Remembering Shaheed Ram Prasad ‘Bismil’ Tomar

Ninety-five years ago, the colonial British government executed Ram Prasad ‘Bismil’, Thakur Roshan Singh, and Ashfaqullah Khan for their anti-colonial activities. Their involvement in the Kakori Train Robbery and subsequent martyrdom etched their names in the collective memory of Indians. Their selfless acts became an inspiration for millions and a catalyst for increased British repression. Notably, all were members of the Hindustan Socialist Republican Association (HSRA).

December 19, 2022, marked the 95th death anniversary of Ram Prasad Bismil. Thus, it behooves us to revisit the moorings that shaped his socialist leanings, highlighted by Bismil in his autobiography ‘Musings from the Gallows’.

Conventional narratives about ‘Pandit’ Ram Prasad ‘Bismil’ emphasize his Arya Samaji and socialist beliefs and as of late, Bismil’s image has also been utilised for the furtherance of exclusionary, religion-based politics. Both his Arya Samaji and socialist beliefs were integral to his zeal for Indian independence and shaped him deeply. However, there are fundamental omissions that cause writers to paint an incomplete picture and inhibit us from understanding the great freedom fighter and his role in history.

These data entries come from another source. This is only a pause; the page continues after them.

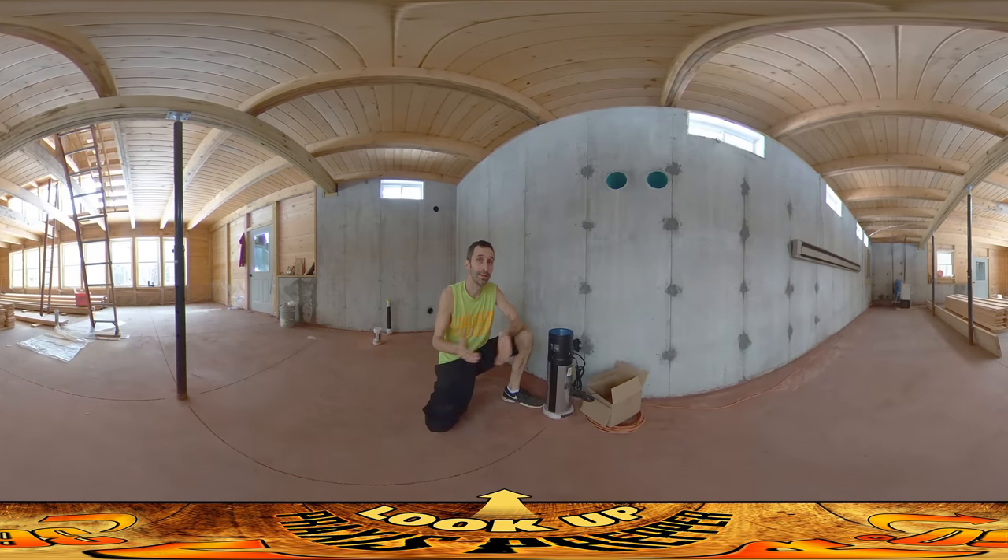Hey everybody, this is Praxis and it works. All the tunnels that run under the floor, they work really really well.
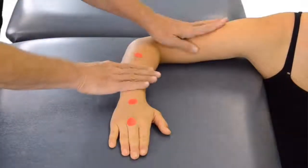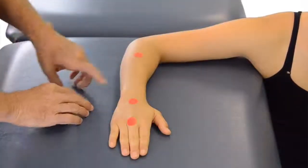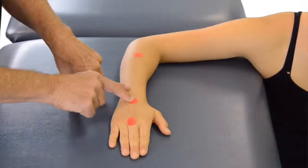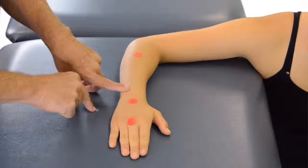In this position, with our patient sitting at the side of the table, we can now measure for radial deviation of the wrist. Our moving axis, in this case, will be directly over the capitate.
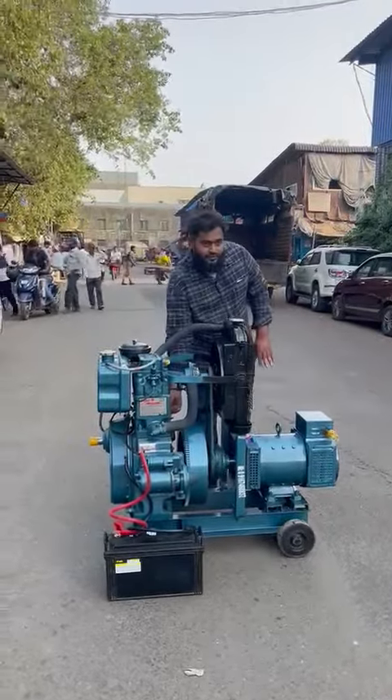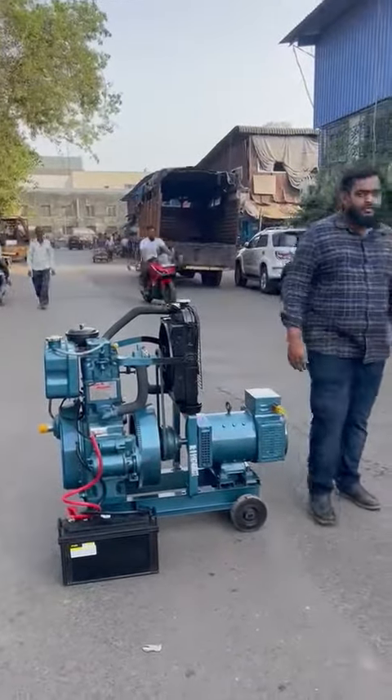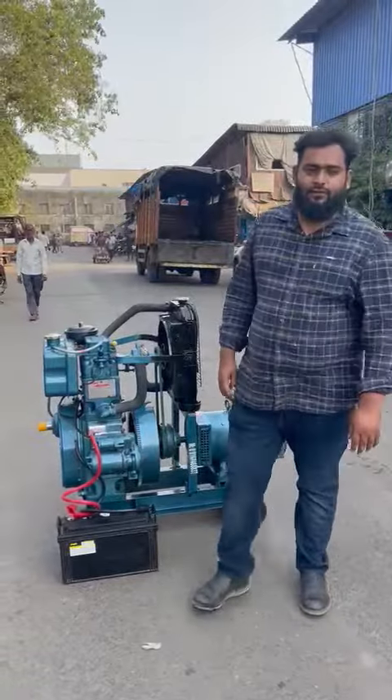So this is a three phase trolley mounted, noise version, diesel generator. Thanks a lot for watching. Thank you.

Bismil was born in Saharanpur in a farming Tomar Rajput family that originated from Morena district in Chambal – an area once known as Tomargarh and once dominated by Bismil’s forefathers and ruled by monarchs like Raja Man Singh Tomar. It was only due to his later involvement with the Arya Samaj and his knowledge of religious texts that he began to be addressed as ‘Pandit’ by his colleagues. However, whether it was the INA soldiers or Ram Prasad Bismil, India’s freedom fighters have gone unsung and many of their families continue to struggle in the nation their ancestors freed with their sacrifices. This was attested to in an article in The Hindu where Bismil’s nephew Bijendra Singh Tomar, son of Bismil’s brother, was interviewed about the economic hardships faced by the family.

Nevertheless, the family had deep ties to Chambal and its spirit of rebellion. Coming from a farming family from an area like Chambal which was famous for its rebellious bandits, founding a militant socialist organization grounded in secular yet religious beliefs was a natural occurrence – a fact that would perplex those who juxtapose religion and politics today due to their modern lens and contemporary political realities. By misidentifying heroes like Bismil and detaching him and his colleagues from their family backgrounds and regional cultures, historians do a disservice to them and limit peoples’ ability to recognise the true breadth of their influence in modern politics. Detaching Bismil from Chambal background makes it difficult to historicize the rise of socialism in that part of India and paints an incomplete picture of farmers’ movements in the country. Chambal also marked the rise of another great Socialist leader like Commander Arjun Singh Bhadoriya, the founder of Lal Sena.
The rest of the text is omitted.